## DESCRIPTION OF THE TASK
Your task is to return the listing below word for word, without any of its images.

## SUPPLIED DATA

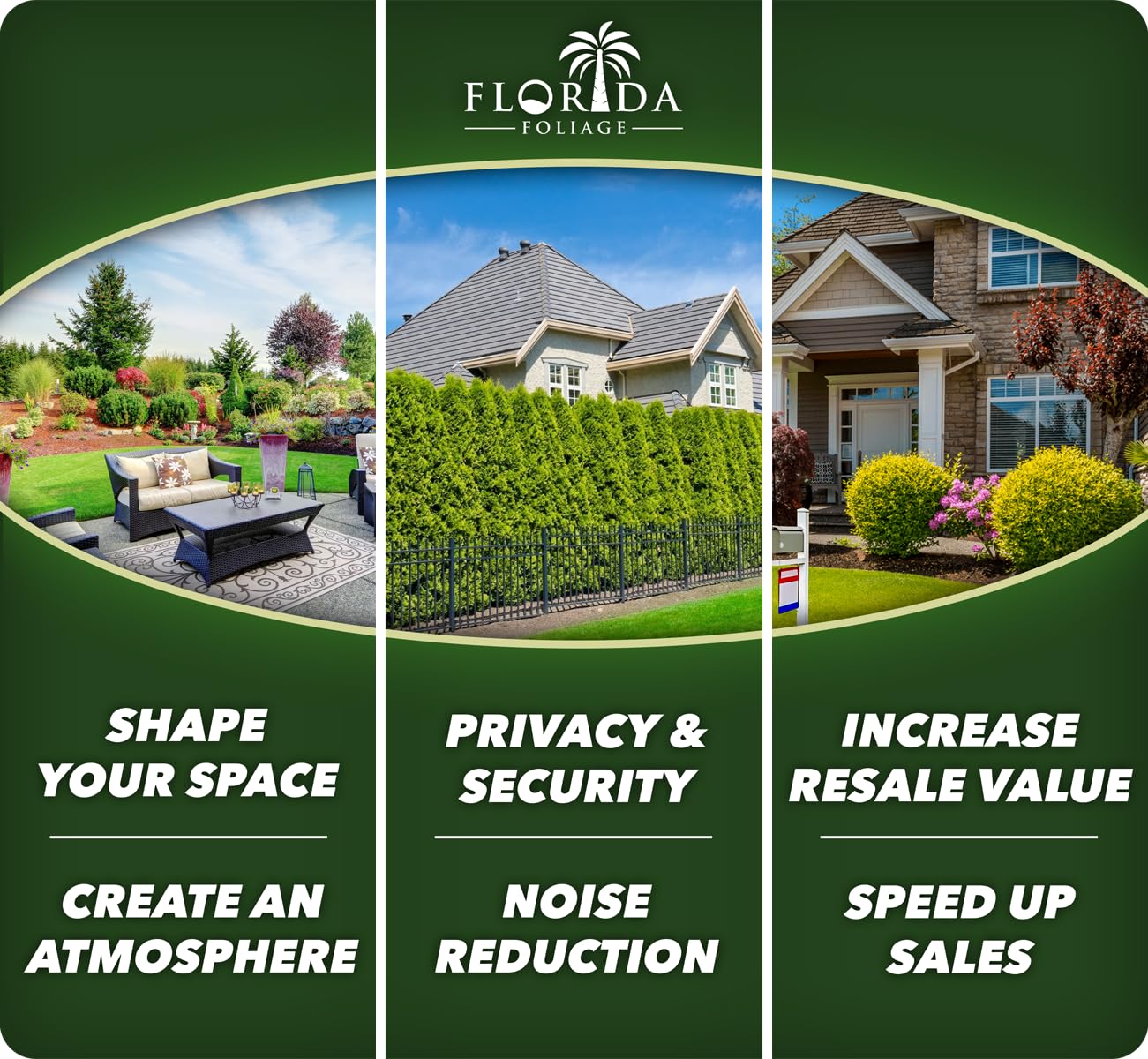 Red Maple Tree | 3 Live Trees | Acer rubrum | Native American Beauty Fast-Growing Shade Tree | Fall Foliage Wildlife-Friendly Habitat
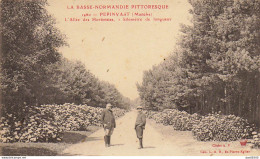 50 PEPINVAST L'ALLEE DES HORTENSIAS 1 KILOMETRE DE LONGUEUR - Altri & Non Classificati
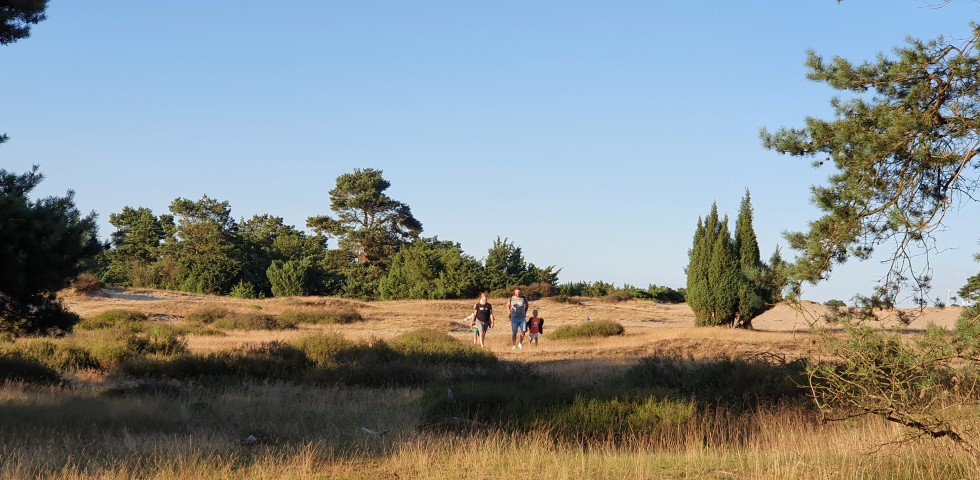 Drenthe Drouwenerzand.jpg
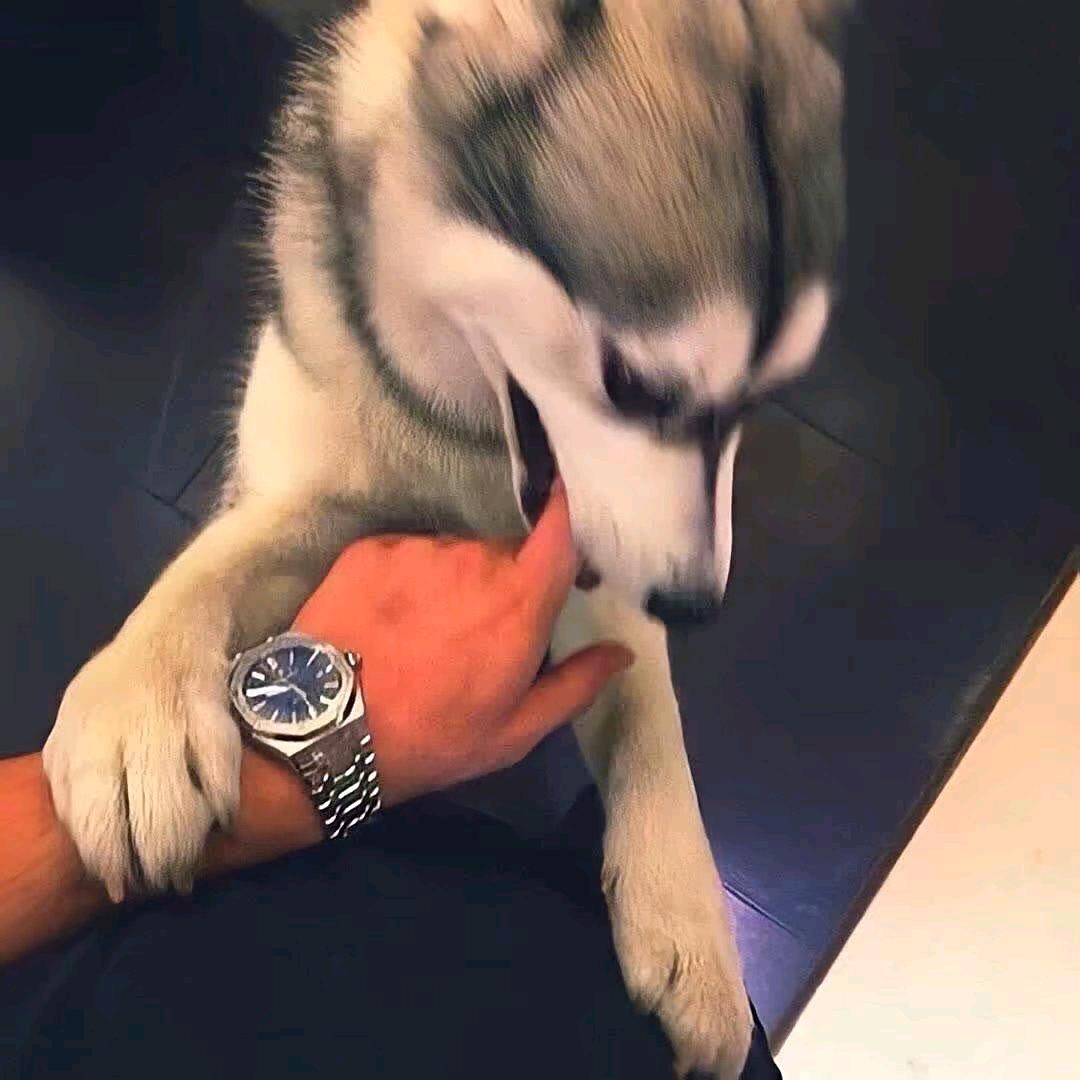 别说再见1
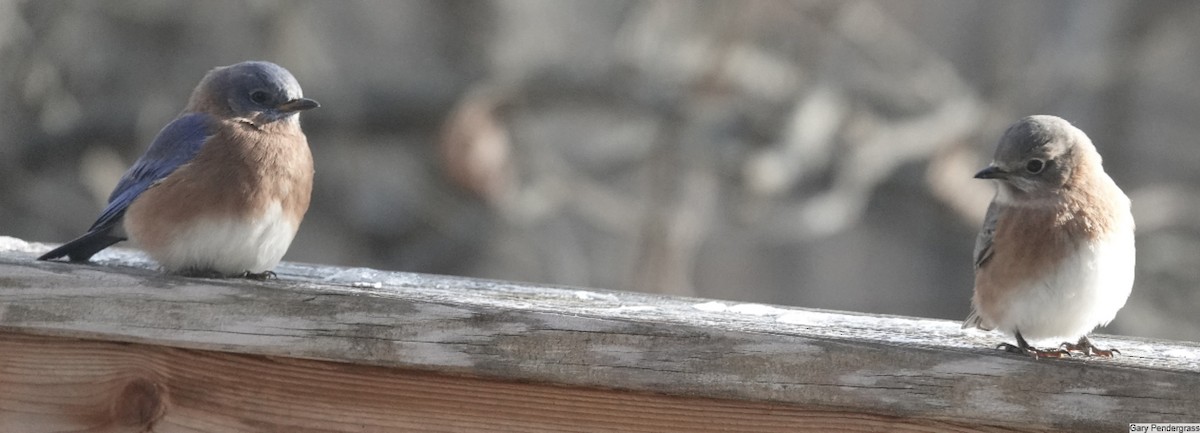 White-breasted Nuthatch - ML646462127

## RESULT FOR THIS EXERCISE
 Red Maple Tree | 3 Live Trees | Acer rubrum | Native American Beauty Fast-Growing Shade Tree | Fall Foliage Wildlife-Friendly Habitat
 50 PEPINVAST L'ALLEE DES HORTENSIAS 1 KILOMETRE DE LONGUEUR - Altri & Non Classificati
 Drenthe Drouwenerzand.jpg
 别说再见1
 White-breasted Nuthatch - ML646462127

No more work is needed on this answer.